Usée après de longues années d’un mariage sans amour, Viviane Amsalem va tenter d’obtenir un “Gett”: un divorce religieux dans la foi juive. Mais problème: le Gett ne peut s’obtenir sans l’accord du mari, qui va férocement résister pendant de longs mois pour contraindre Viviane à renoncer. Toujours situé dans le tribunal religieux devant statuer, le film nous retrace ce parcours et la lutte de cette femme seule contre l’obscurantisme.

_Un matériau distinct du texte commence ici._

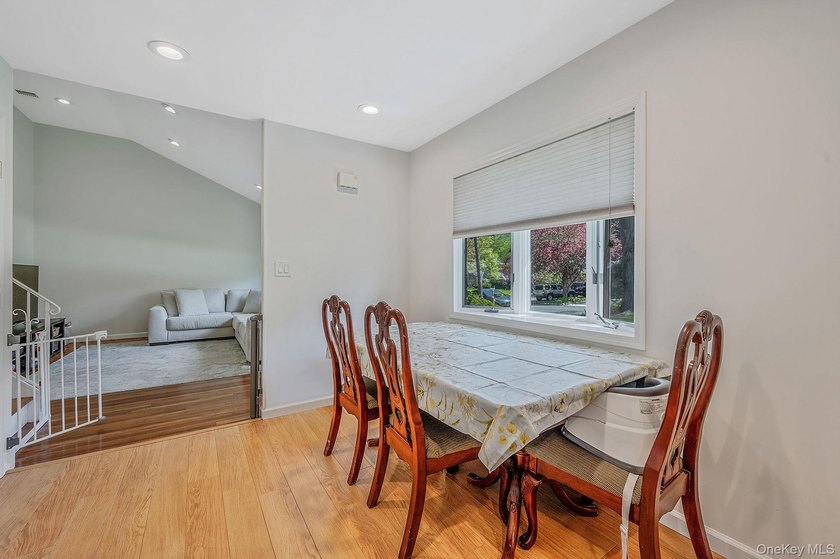 Welcome to this charming single-family split ranch nestled in a - photo 7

Donnons un bon coup de pied dans la fourmilière: c’est plutôt agréable de voir une oeuvre féministe, en opposition à la religion, mais dans un autre décor que la religion musulmane. Si Les Réfracteurs respectent toutes les fois, il faut bien reconnaître que toutes les religions se sont servi un jour de leur pouvoir pour asservir la femme et que dans bien des domaines, elles continuent. Transposer ce problème au culte judaïque, justement pour une affaire de divorce, c’est franchement intéressant.
Dans ce film qu’elle porte si admirablement, Ronit Elkabetz va aller au bout d’elle-même. Ce combat d’une femme, dans un crescendo de monstruosités verbales, elle lui donne vie. Si les premiers instants peuvent prêter à quelques sourires, c’est progressivement que le film va accélérer son tempo et aggraver les enjeux. Une belle réussite.

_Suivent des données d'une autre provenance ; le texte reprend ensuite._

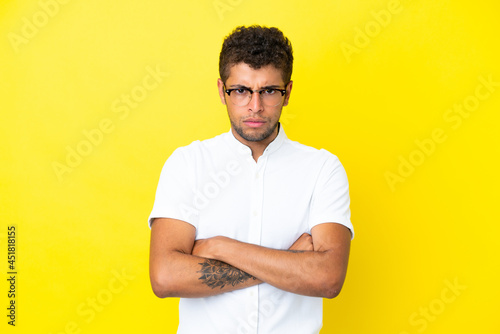 Young handsome Brazilian man isolated on yellow background with unhappy expression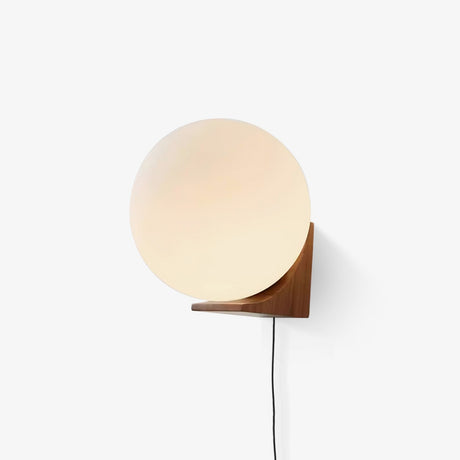 White glass sphere on an oak wall bracket, seen straight on unlit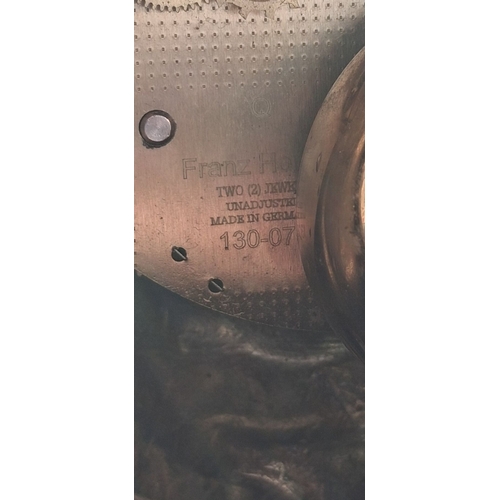 55 - A LOUIS XV STYLE BRASS FRANZ HERMLE MANTLE CLOCK, intricate piece with figural putti finial, raised ... 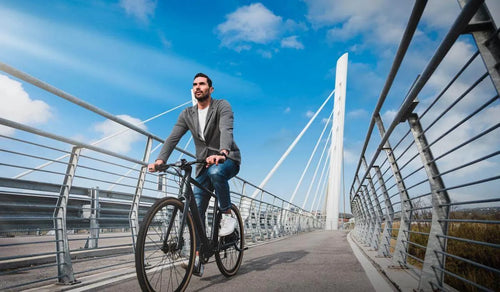 Man riding a Fiido C21 pedal-assist electric bicycle on a bike path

Dans ce véritable huis-clos, la réalisation n’est pas en reste. Tantôt subjective, tantôt omnisciente, la place de la caméra à son importance, jusque dans la hauteur où elle est placée. En plongée pour appuyer la minuscule pièce où se confronte les destins, en contre-plongée pour donner de la stature à certains personnages.
« Y a triche là! »
Attaquons-nous au fond, et c’est là aussi un immense “oui!” que l’on pousse. Le message féministe passe terriblement bien, d’autant plus qu’on ne juge cette femme qu’à travers des hommes. Plus qu’une simple mise en accusation, c’est une réflexion sur la parité qu’amène la cinéaste.
C’est encore plus probant lorsqu’on s’intéresse au rapport de force qu’implique un Gett. Demander pendant des années entières par Viviane, un simple “non” de son mari suffit à tout bloquer. Cette impasse dépasse le cadre religieux et parle à toutes les femmes qui se sont un jour senties prisonnières d’un homme.

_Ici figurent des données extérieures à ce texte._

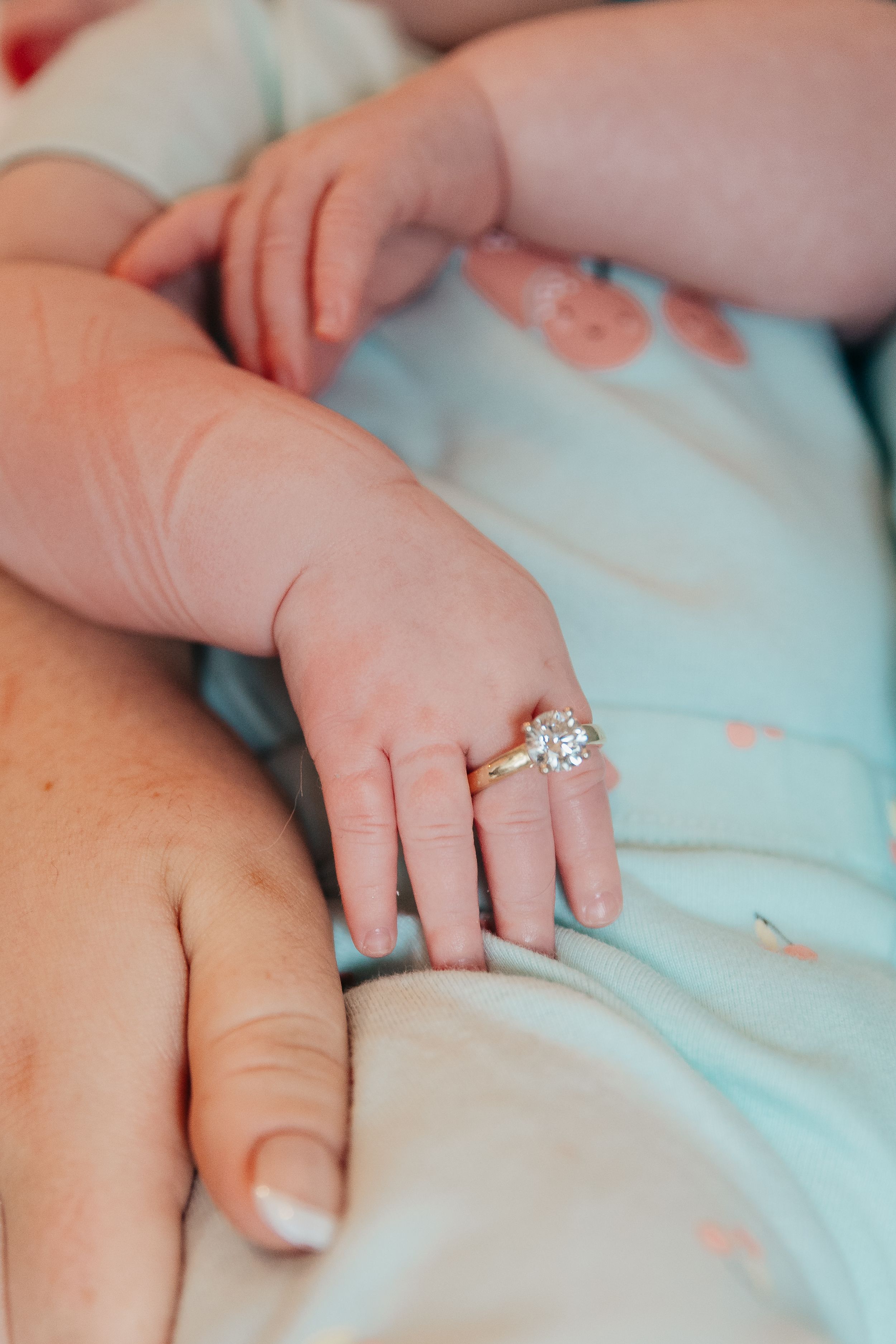 Close-up of hands wearing engagement ring and wedding band against light blue fabric.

Mais on ne peut pas écarter la religion du film, bien évidemment. On est ici face à un véritable cocktail Molotov lancé contre le fanatisme. Ce tribunal fantoche, incapable de la moindre décision pour sauver une âme féminine, mais toujours prompt à sévir pour torturer Viviane et la replonger dans un mariage détestable par une soi-disant volonté divine, on le prend en grippe de par son incompétence.
Mais bien plus qu’un simple film féministe, “Le procès de Viviane Amsalem” va plus loin, et cherche des réponses à des questions plus poussées. Dans un status quo (celui d’un jugement de Gett) presque jamais vu, le long-métrage va réussir à sortir une morale plus profonde, plus universelle. Une réflexion sur la vie, sur les gens qu’on peut aimer ou non, et sur la construction d’un mariage. De vrais axes de réflexion entiers qui habitent le spectateur plusieurs minutes après la fin du film.
Mais ce qu’on retiendra le plus, c’est l’horrifiante vérité. Par combien d’humiliations, de pleurs, de cris, de souffrances doit passer une femme pour obtenir un simple bout de papier qui prouve sa liberté. Si le résultat de ses élans émotifs n’est pas nul, c’est déjà trop!
Parce qu’il est un vrai exercice de style de réalisation, mais également une réflexion poussée sur la condition féminine, Les Réfracteurs vous encouragent vivement à vous pencher sur ce film.